→ **PROVIDED DATA**:

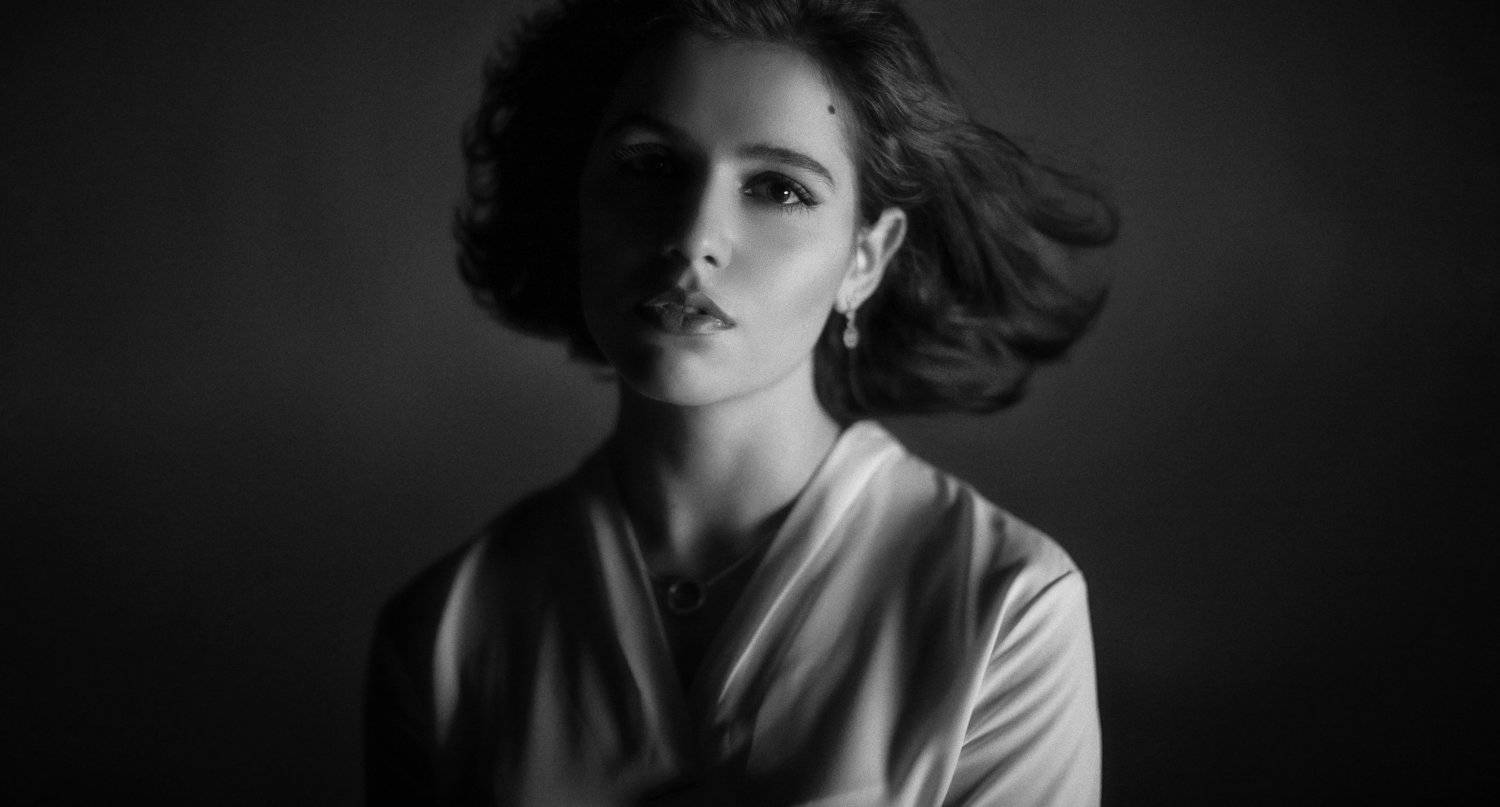 девушка,жанр,портрет,фотография,модель,арт,portrait,photography, middle,nature,soul,свет,girl,canon 35mm, woman,monochome,ню,гламур, Мыльников Павел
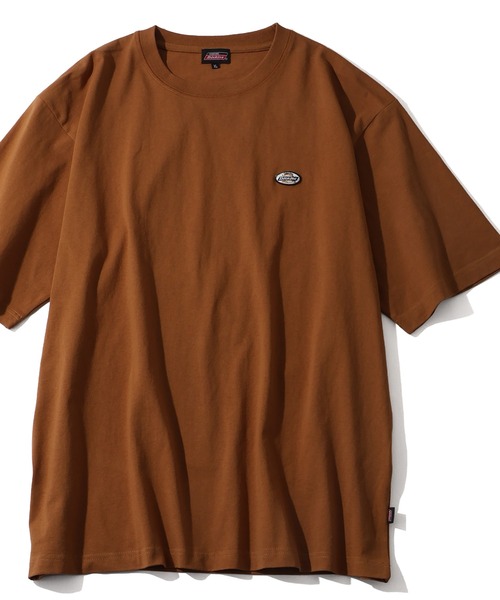 Dickies（ディッキーズ）の「【GENUINE DICKIES/ジェニュインディッキーズ】ワンポイント ミニ 刺繍 ワッペン クルーネック 半袖 Tシャツ（Tシャツ/カットソー・メンズ・ダークグリーン/ホワイト/ブラウン/ブラック・M/L/XL）」の3枚目の写真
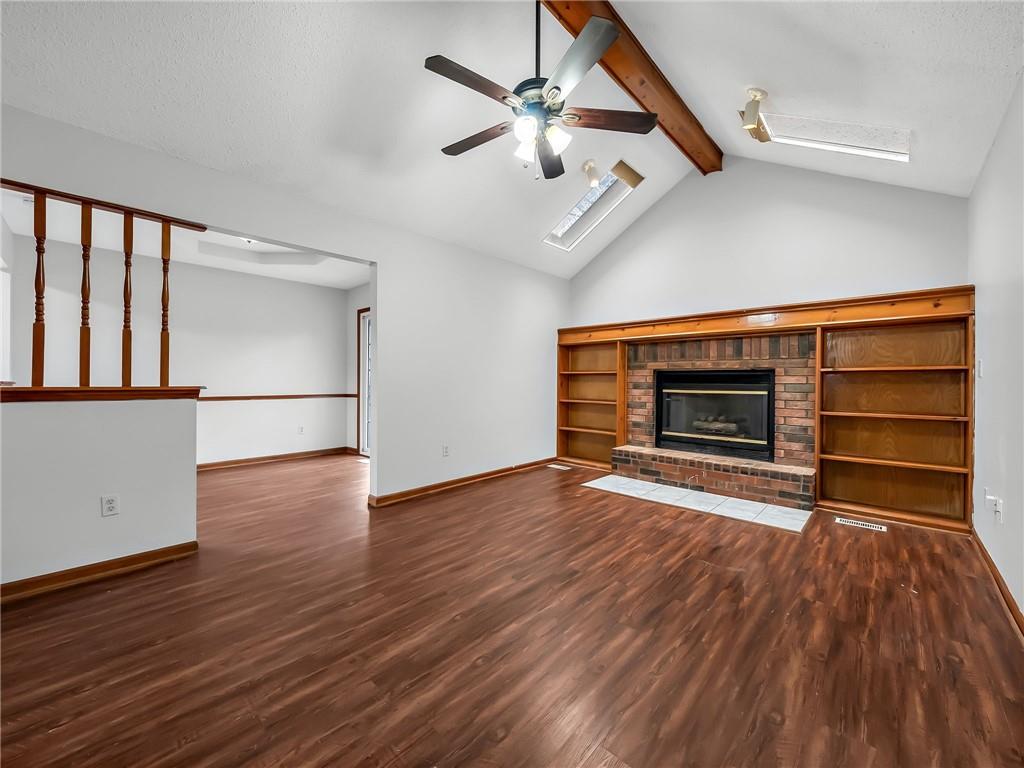 1302 Huntington Circle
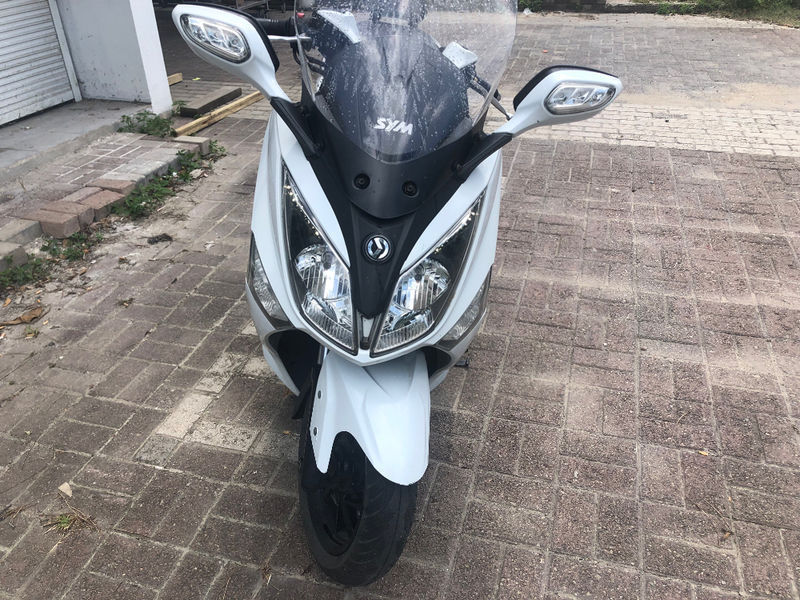 Maxi scooter sym 300 cm3 Motorbikes scooters quads Saint Martin Cyphoma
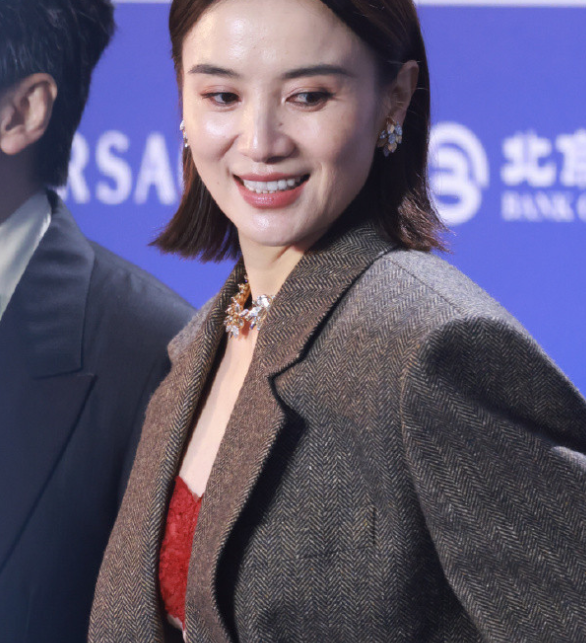 宋佳短发亮相北京电影节风雨交加，红毯上女明星们一个个冻得嘴唇发紫，却依然咬着牙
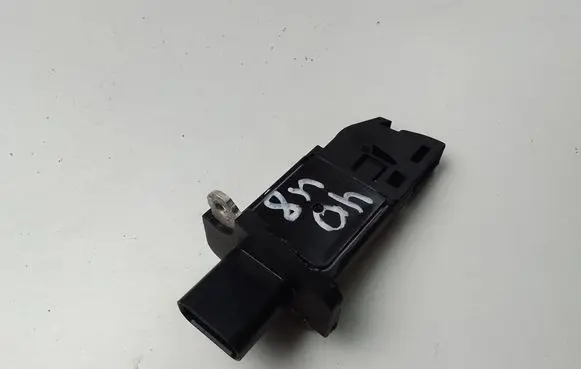 Ford Fiesta Mass air flow meter 8V2112B579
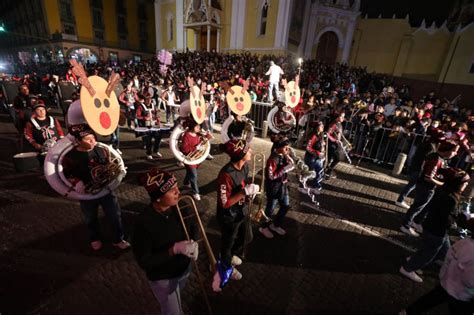 Más De 15 Mil Personas Iluminan Calles De Xalapa En Desfile Navideño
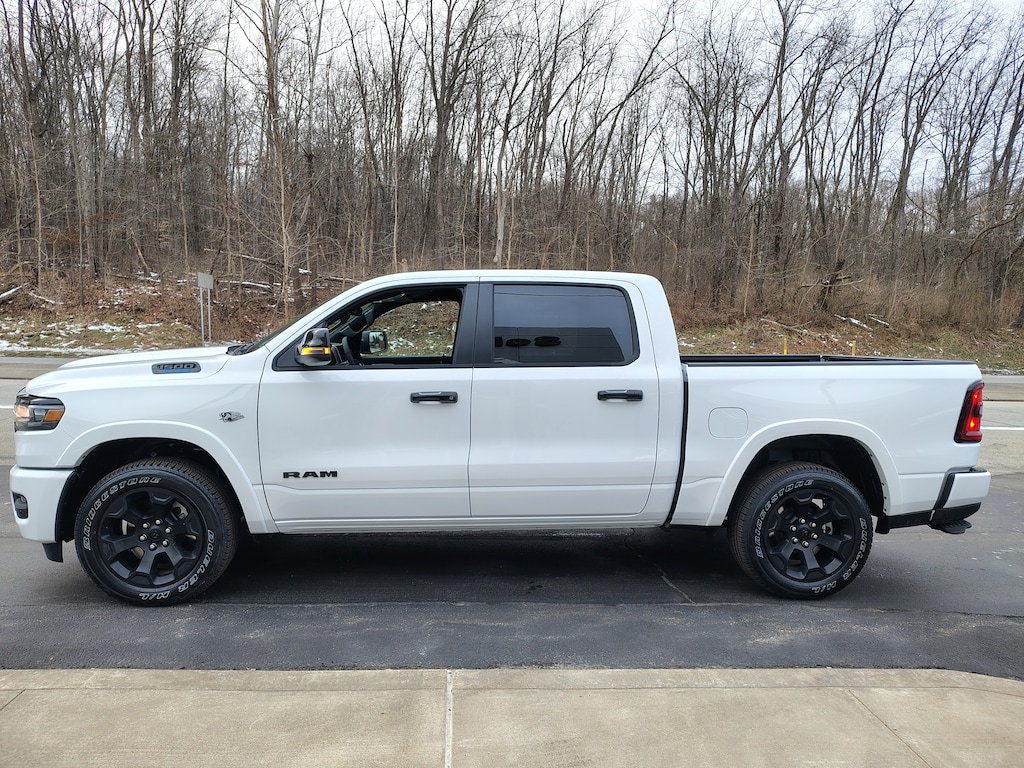 New 2026 Ram 1500 BIG HORN CREW CAB 4X4 5'7 BOX Pickup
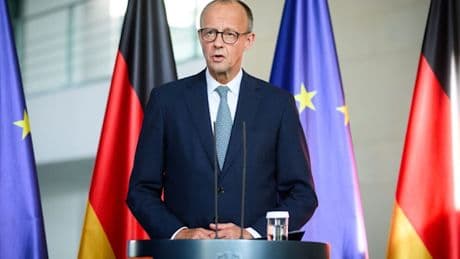Bundesregierung startet Luftbrücke nach Gaza – Mehrheit der Deutschen für härteren Israel-Kurs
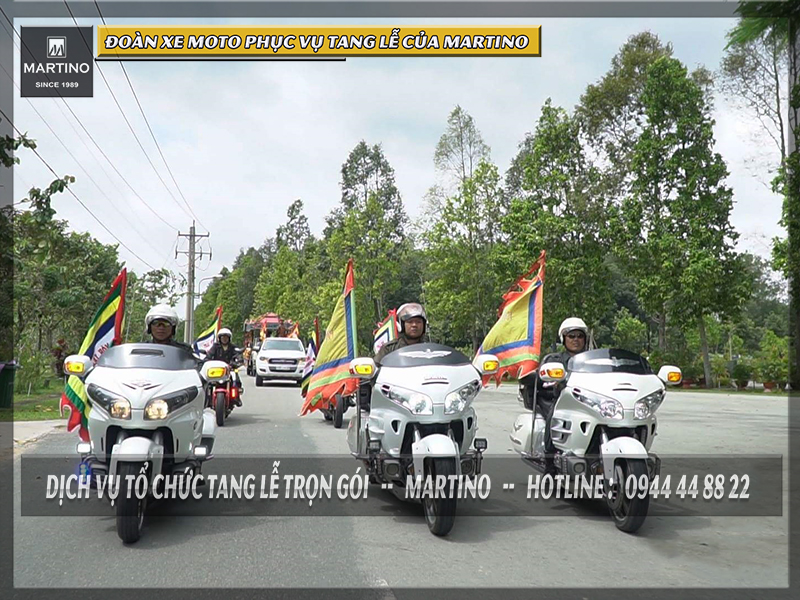 Đoàn xe moto phục vụ tang lễ
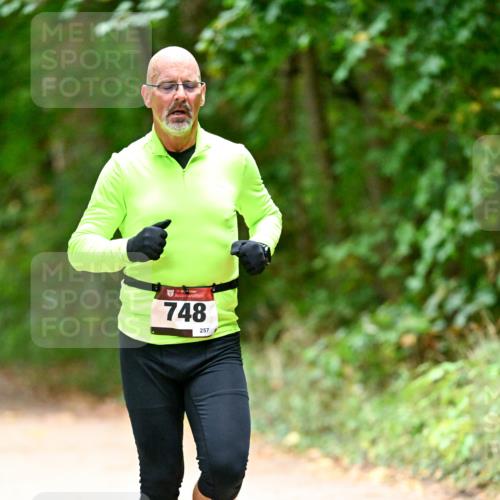 11.10.2026 - Bramfelder Halbmarathon 2026 Dr. Thomas Lammeyer http://msf.ph/oto/10820526 11.10.2026 10:21:56 Laufen 748, 257 meine-sportfotos.de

→ **INSTRUCTIONS FOR THE TASK**:
From the line containing "Maxi scooter sym" through the last line of the listing, inclusive, transcribe every line exactly and nothing else; the pictures stay out.

→ **ANSWER TO THIS TASK**:
 Maxi scooter sym 300 cm3 Motorbikes scooters quads Saint Martin Cyphoma
 宋佳短发亮相北京电影节风雨交加，红毯上女明星们一个个冻得嘴唇发紫，却依然咬着牙
 Ford Fiesta Mass air flow meter 8V2112B579
 Más De 15 Mil Personas Iluminan Calles De Xalapa En Desfile Navideño
 New 2026 Ram 1500 BIG HORN CREW CAB 4X4 5'7 BOX Pickup
Bundesregierung startet Luftbrücke nach Gaza – Mehrheit der Deutschen für härteren Israel-Kurs
 Đoàn xe moto phục vụ tang lễ
 11.10.2026 - Bramfelder Halbmarathon 2026 Dr. Thomas Lammeyer http://msf.ph/oto/10820526 11.10.2026 10:21:56 Laufen 748, 257 meine-sportfotos.de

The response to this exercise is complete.